Task description |
Filter the data for lines with the word "Necklace" and copy those lines.
===== Data records
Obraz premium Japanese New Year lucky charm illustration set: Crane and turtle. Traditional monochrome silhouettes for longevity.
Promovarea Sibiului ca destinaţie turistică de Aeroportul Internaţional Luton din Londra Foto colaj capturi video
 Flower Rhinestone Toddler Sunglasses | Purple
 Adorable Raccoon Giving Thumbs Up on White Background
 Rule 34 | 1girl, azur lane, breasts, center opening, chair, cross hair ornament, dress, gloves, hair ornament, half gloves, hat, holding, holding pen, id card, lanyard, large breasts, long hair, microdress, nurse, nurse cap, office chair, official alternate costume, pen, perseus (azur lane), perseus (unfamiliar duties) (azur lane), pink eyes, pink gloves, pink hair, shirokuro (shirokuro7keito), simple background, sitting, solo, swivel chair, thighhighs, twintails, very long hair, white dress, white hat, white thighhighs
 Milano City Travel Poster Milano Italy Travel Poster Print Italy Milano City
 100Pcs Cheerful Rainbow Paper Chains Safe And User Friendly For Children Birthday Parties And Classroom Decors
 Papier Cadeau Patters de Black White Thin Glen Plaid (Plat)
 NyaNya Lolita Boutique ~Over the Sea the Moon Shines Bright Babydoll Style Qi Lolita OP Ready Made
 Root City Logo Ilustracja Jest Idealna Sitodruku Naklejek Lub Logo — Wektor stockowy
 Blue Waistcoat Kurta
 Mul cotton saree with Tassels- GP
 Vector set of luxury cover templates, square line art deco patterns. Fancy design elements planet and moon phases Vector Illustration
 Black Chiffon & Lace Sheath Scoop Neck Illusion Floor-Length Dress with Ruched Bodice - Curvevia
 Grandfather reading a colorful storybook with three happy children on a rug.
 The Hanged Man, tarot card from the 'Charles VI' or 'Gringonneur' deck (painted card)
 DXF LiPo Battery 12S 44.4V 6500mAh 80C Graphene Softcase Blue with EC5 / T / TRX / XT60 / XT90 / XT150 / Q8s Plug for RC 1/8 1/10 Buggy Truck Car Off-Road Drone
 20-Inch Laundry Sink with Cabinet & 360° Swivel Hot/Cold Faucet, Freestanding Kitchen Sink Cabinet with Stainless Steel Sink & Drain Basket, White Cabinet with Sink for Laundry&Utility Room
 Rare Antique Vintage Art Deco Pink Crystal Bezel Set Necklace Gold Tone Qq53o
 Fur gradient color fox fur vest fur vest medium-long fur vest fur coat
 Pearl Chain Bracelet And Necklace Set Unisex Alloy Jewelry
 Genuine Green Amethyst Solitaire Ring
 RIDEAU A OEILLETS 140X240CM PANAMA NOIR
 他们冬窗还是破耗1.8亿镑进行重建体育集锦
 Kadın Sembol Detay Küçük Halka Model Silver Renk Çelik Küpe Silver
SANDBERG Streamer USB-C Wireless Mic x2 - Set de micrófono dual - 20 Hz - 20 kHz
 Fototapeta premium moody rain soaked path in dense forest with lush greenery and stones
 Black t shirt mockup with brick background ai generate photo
==========
Solution to this problem |
 Rare Antique Vintage Art Deco Pink Crystal Bezel Set Necklace Gold Tone Qq53o
 Pearl Chain Bracelet And Necklace Set Unisex Alloy Jewelry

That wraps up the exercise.